I have another confession to make. I am one of those people who raise an eyebrow at twitter grief. The sceptical gaze very soon turns towards myself. Why am I not the sort of person who cares passionately about the death of a stranger? How come I haven’t been deeply influenced by this person who seems to have been such a big part of so many people’s lives? I would never criticise other people for their grief and I understand the urge to be on twitter, sharing, discussing, conjuring up memories. I’ve just never felt that moved by a celebrity death – oh, except maybe John Peel, but that was way before twitter.

So why was I sitting there on that Monday morning, sobbing for at least half an hour? Part of the shock was that he seemed so full of life, so full of creation. It was the last thing you expected.
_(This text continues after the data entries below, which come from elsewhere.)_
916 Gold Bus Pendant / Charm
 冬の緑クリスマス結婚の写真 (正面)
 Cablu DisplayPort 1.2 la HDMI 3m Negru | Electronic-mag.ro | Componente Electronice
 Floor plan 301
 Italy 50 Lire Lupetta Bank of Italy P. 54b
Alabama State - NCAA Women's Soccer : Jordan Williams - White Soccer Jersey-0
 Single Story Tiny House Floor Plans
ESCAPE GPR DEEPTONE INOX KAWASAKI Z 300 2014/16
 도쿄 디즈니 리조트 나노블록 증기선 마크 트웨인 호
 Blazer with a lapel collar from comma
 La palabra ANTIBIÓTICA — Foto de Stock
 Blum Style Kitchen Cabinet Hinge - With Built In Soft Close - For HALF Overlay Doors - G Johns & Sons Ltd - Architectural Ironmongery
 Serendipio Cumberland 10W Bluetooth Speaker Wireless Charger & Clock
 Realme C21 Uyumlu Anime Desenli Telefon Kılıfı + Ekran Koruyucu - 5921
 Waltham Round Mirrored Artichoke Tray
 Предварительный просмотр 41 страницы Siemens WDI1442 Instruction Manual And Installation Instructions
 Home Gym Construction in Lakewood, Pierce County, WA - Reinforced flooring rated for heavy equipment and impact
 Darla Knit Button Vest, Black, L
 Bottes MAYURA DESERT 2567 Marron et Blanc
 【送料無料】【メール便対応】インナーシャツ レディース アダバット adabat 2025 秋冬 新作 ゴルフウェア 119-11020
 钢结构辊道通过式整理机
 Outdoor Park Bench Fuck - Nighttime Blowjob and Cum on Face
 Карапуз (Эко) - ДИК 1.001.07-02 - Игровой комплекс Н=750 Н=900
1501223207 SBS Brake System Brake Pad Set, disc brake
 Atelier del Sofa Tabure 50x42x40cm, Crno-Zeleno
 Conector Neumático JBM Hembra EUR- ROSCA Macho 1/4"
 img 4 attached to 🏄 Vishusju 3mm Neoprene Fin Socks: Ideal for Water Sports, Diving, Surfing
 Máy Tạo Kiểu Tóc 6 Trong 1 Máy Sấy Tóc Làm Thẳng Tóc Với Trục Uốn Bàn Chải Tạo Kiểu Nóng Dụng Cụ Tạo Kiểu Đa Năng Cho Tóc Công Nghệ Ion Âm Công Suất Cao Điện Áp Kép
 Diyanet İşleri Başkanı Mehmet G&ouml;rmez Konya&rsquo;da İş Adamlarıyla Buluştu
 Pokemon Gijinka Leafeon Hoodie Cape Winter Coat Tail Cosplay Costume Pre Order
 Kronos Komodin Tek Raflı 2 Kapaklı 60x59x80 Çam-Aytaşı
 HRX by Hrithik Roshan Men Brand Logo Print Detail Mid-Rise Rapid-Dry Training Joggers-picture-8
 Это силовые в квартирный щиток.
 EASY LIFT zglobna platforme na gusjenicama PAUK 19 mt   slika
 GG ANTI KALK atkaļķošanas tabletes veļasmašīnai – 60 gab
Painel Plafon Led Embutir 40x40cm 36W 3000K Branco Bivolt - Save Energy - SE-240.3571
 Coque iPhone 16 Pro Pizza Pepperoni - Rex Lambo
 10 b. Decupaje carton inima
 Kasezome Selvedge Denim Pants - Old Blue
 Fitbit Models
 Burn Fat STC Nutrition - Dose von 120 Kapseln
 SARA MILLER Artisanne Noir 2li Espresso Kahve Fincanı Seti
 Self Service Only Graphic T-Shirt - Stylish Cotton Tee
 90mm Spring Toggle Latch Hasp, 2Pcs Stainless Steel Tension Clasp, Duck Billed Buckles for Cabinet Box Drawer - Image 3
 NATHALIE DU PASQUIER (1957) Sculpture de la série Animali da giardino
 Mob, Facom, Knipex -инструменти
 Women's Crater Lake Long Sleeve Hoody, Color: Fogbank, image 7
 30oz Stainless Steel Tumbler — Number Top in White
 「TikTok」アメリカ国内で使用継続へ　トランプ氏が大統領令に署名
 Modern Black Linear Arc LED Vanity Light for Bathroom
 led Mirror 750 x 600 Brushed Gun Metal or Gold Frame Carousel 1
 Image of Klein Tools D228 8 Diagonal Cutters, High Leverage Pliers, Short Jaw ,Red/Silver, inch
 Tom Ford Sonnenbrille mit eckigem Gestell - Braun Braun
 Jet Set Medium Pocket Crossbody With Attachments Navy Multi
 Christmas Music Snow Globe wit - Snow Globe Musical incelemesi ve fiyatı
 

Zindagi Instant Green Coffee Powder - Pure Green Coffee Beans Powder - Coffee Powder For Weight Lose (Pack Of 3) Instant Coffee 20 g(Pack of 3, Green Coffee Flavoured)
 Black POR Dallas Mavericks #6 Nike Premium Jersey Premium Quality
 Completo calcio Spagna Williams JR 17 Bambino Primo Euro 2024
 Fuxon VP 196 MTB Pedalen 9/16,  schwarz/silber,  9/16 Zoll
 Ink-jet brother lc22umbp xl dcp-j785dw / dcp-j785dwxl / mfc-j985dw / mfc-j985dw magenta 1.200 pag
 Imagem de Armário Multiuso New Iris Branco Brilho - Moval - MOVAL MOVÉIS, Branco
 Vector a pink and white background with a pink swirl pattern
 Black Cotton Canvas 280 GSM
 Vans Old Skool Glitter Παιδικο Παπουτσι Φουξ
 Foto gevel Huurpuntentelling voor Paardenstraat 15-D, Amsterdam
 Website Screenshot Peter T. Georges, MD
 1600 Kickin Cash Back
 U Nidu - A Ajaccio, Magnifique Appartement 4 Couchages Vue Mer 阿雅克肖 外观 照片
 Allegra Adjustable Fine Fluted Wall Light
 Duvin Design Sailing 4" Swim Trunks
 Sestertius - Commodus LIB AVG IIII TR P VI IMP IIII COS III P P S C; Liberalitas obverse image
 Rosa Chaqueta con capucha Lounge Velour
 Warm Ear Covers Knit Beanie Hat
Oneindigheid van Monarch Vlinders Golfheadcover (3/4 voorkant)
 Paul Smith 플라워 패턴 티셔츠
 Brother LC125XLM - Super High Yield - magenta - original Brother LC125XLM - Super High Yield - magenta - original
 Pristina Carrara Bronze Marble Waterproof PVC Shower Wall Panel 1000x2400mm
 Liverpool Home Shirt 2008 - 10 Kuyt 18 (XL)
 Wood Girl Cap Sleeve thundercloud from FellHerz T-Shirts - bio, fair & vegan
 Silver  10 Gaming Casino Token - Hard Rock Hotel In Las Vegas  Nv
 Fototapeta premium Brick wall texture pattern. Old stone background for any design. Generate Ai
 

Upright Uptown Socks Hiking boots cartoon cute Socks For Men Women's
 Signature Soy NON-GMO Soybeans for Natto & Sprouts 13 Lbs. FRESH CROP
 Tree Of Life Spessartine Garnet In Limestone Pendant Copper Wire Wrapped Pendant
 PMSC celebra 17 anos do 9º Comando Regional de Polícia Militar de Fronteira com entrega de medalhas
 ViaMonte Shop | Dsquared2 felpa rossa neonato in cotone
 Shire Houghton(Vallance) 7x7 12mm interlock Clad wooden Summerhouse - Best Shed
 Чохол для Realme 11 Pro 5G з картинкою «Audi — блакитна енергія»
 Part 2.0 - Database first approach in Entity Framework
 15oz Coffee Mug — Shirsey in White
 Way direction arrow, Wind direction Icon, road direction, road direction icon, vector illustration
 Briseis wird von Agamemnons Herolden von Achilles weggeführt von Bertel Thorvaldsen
So why, still, when I listen to Black Star do I start welling up?

I wanted to write this from the point of view of somebody who wasn’t a huge Bowie fan, somebody who just liked him, really loved some of him, couldn’t care less about other bits of him, to try to explain his impact – to myself. Not another eulogy to a genius, I hoped that in writing it I might find the answers that – as of right now, as I type this sentence – I don’t have.

I’ve realised that, despite not being a ‘fan’, Bowie is a love that my wife and I share. We listen to his CDs in the car, occasionally, with the boys. They know some of his songs. There isn’t really any other music from that era that I go back to (apart from Roxy Music, but Karen and I don’t share that). But Bowie is there, and he has been part of our lives, and now our family lives, quietly, from time to time.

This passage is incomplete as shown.